The NGF at the end of their meeting with the Presidential Tax Reform Committee penultimate week, agreed to give support to the proposed legislation.

The Governors in a communique signed by Kwara State Governor and Chairman of the Forum, Abdulrahman Abdulrasaq, “endorsed a revised Value Added Tax (VAT) sharing formula to ensure equitable distribution of resources: 50% based on equality, 30% based on derivation, and 20% based on population.”

But addressing newsmen in Abuja, the CNPD, argued that the formula which allocates 50% based on equity, 30% based on derivation, and 20% based on population would not encourage productivity.

National Coordinator of the Forum, Okorie Ikechukwu Raphael, urged the National Assembly not to accept the formula proposed by the Forum of 36 state governors as he declared that states seizing the initiative to diversify their revenue base would be discouraged.

He said, “We categorically reject the Nigeria Governors Forum’s proposed VAT sharing formula, which allocates 50% based on equity, 30% based on derivation, and 20% based on population. This formula does not take into account productivity and economic growth, which are critical factors in determining a state’s contribution to the national economy.

“By ignoring productivity, this formula may inadvertently penalize states that are making concerted efforts to diversify their economies and promote economic growth. We urge the National Assembly to reconsider this proposal and adopt a more nuanced approach that rewards productivity and economic growth.”

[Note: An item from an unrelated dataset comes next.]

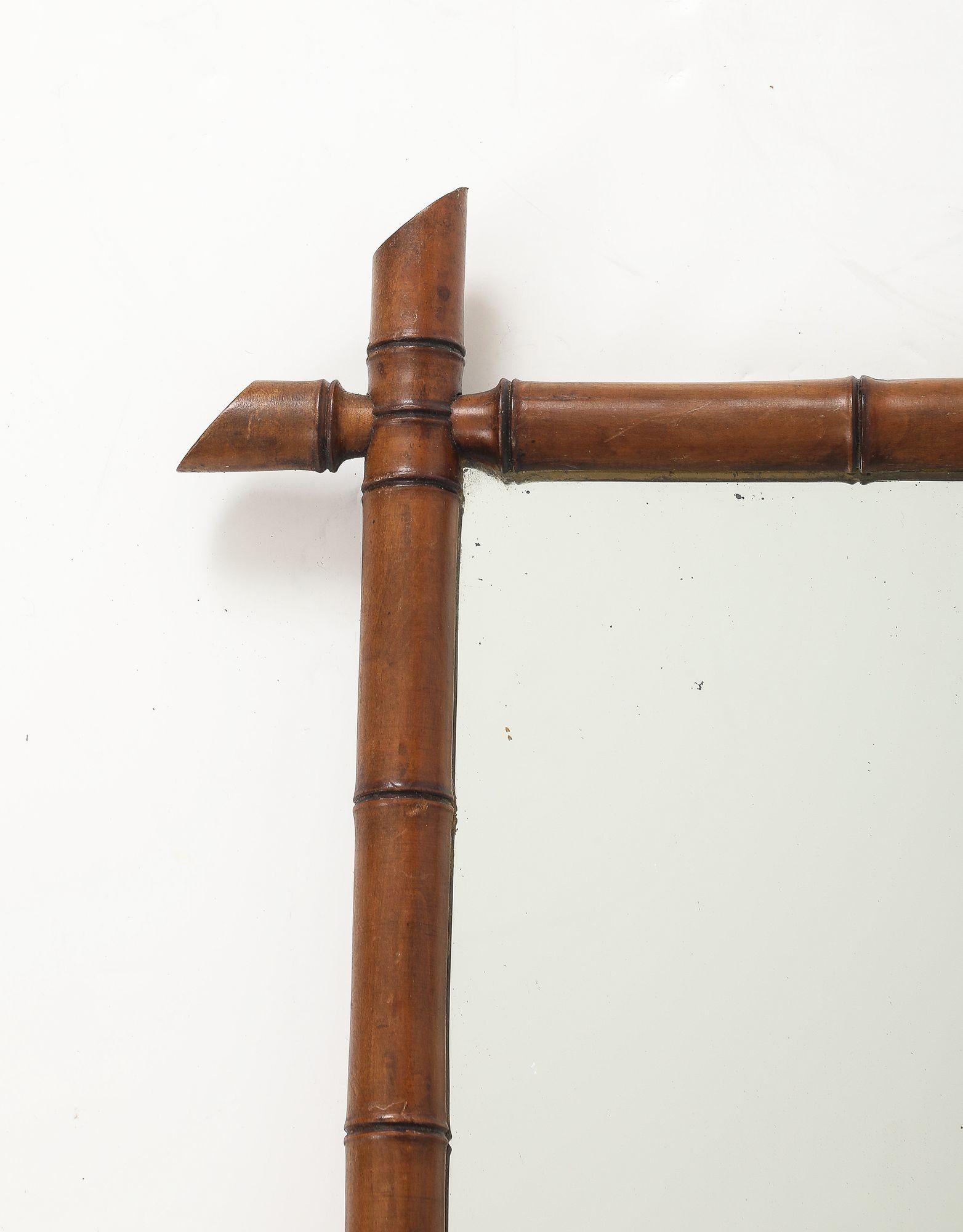 Ce charmant miroir anglais des années 1940 présente un cadre en faux bambou finement sculpté avec une patine riche et chaude qui imite magnifiquement l'aspect naturel du bambou. Le miroir a conservé sa plaque de verre d'origine, qui a légèrement
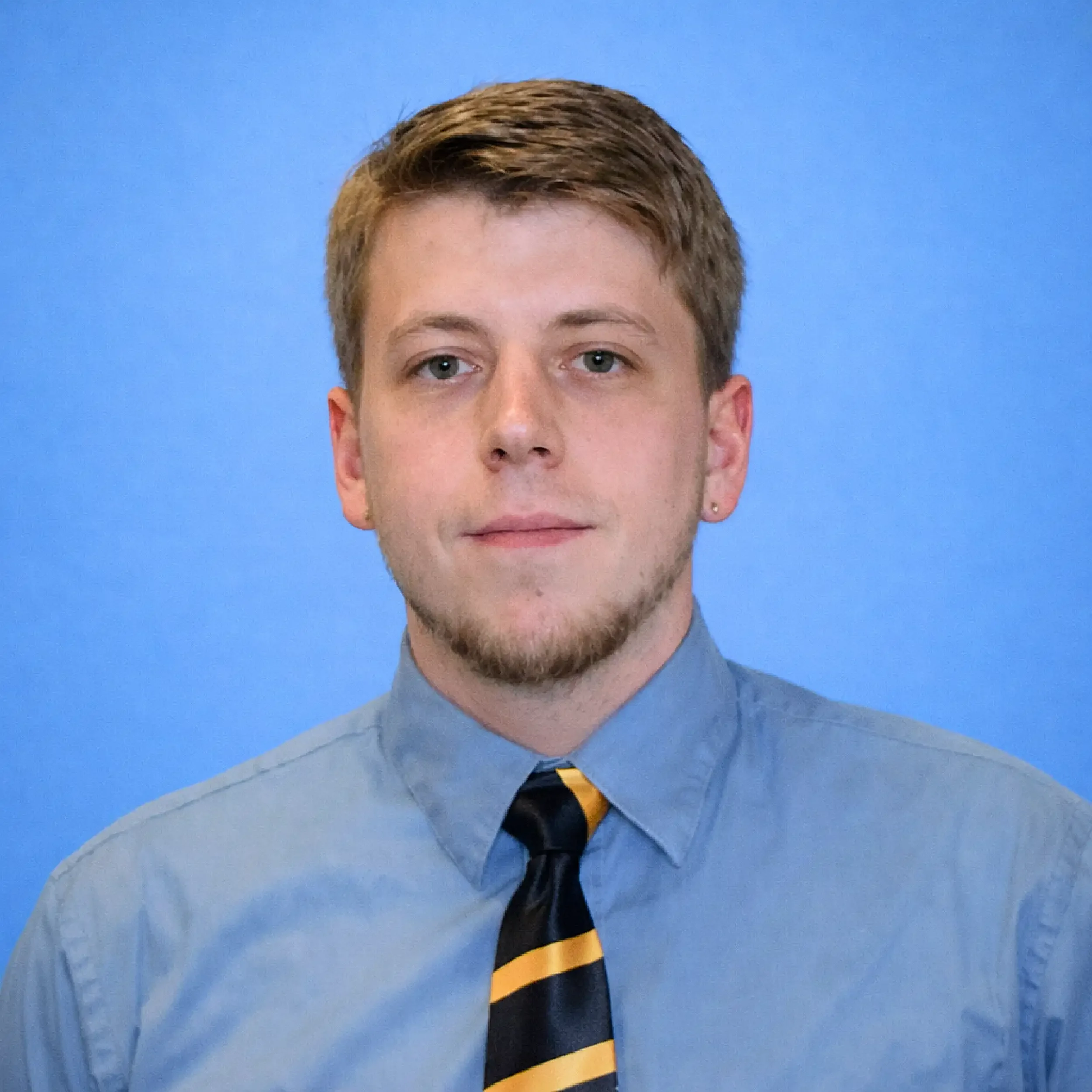 A headshot of Derek Kueker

The group also appealed to Nigerians to give necessary support to the proposed legislation before the National Assembly as they noted that it would ultimately, reduce the tax burden on the poor and ensure that funds are available for public services that benefit marginalised communities.

“Gentlemen of the press, there is no gainsaying the fact that this bill has the potential to ensure that revenues derived from taxes are channelled into critical sectors such as education, healthcare, and rural development, thereby reducing poverty and inequality. As we all know, the wealth of a nation lies in the health of its people.

“The proposed law focuses on inclusive taxation. Consequently, this reform is aimed at stimulating small and medium-scale enterprises (SMEs), encouraging grassroots entrepreneurship, and fostering economic diversification, as well as sustainable growth for future generations.

“Specifically, we commend the tax reform bill’s provisions that exempt individuals and households earning less than N1 million per year and companies earning less than 50 million per year from taxation. This bold initiative demonstrates the government’s commitment to alleviating poverty and promoting economic inclusivity.

“By shielding low-income earners and small businesses from the tax burden, the bill will undoubtedly stimulate economic growth, create jobs, and improve living standards. Given its pro-poor orientation, we strongly advocate for an accelerated passage of the tax reform bill to ensure its timely implementation and realisation of its benefits for the most vulnerable segments of our society.”

While it noted that the credibility challenge of the government was responsible for the lack of buy-in of Nigerians, the Forum also appealed to the federal government to “ensure that revenues generated through this reform must be transparently managed and accounted for to ensure they serve their intended purpose. Thus, the bill represents national interest and must not be reduced to divisive politics or regional disagreements.”